§ Work instructions
Output the data in full. Keep every word exact and exclude the pictures.

§ Source material
Content starts
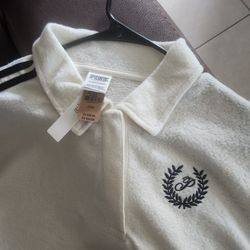 Cropped Polo Sweatshirt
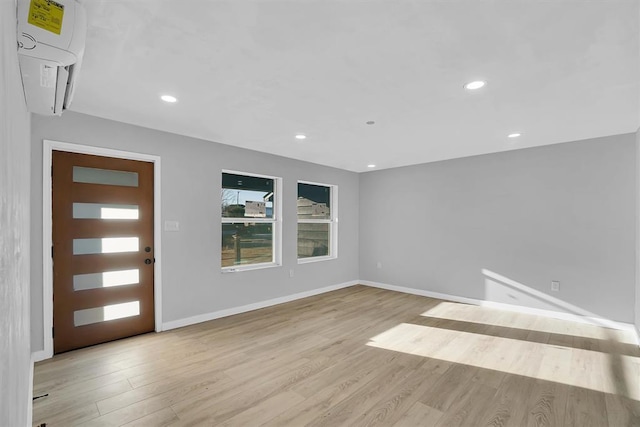 entryway featuring light hardwood / wood-style flooring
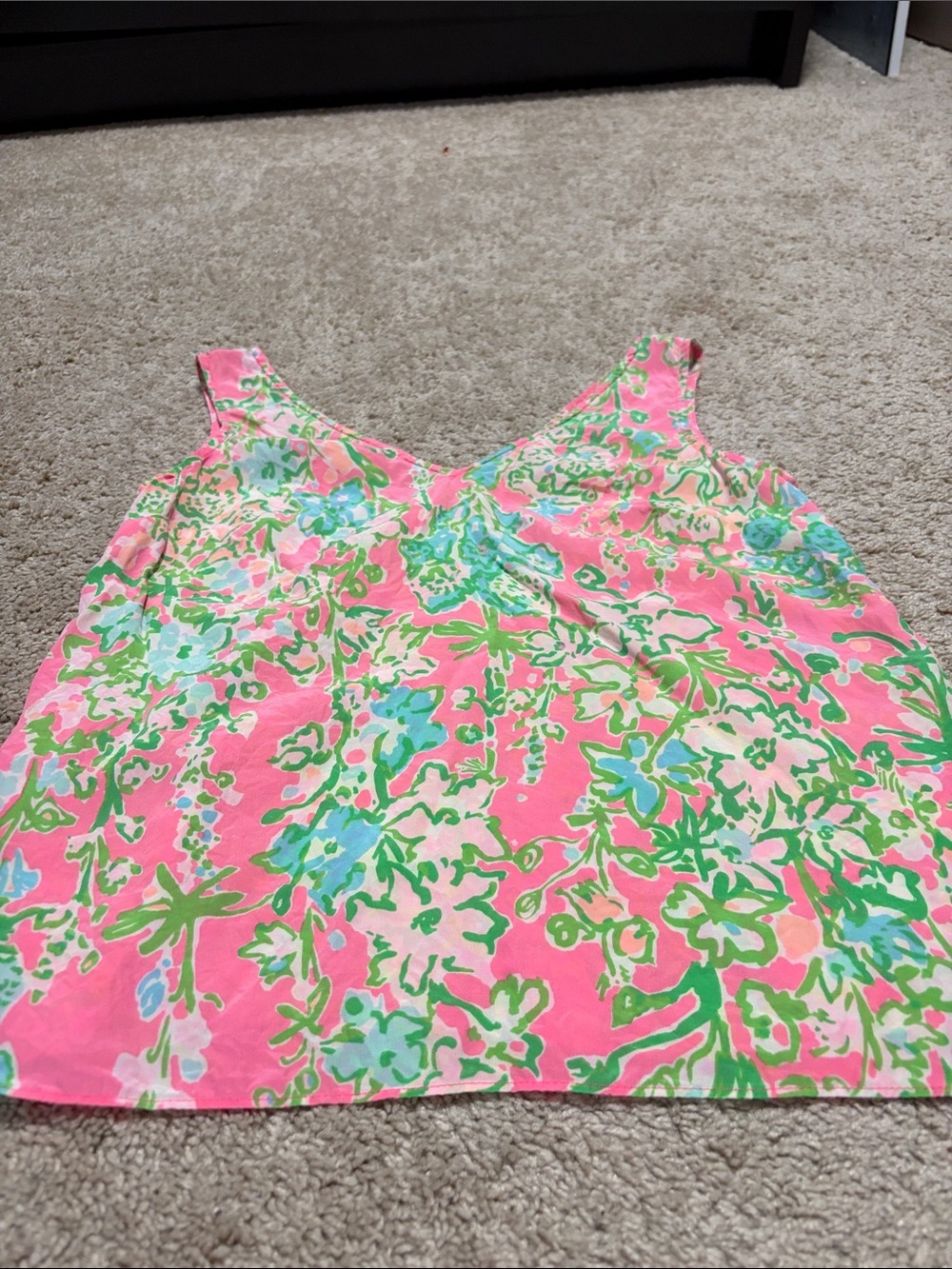 Lilly Pulitzer Southern Charm silk tank XS - Picture 2 of 8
Content ends
§ Output
 Cropped Polo Sweatshirt
 entryway featuring light hardwood / wood-style flooring
 Lilly Pulitzer Southern Charm silk tank XS - Picture 2 of 8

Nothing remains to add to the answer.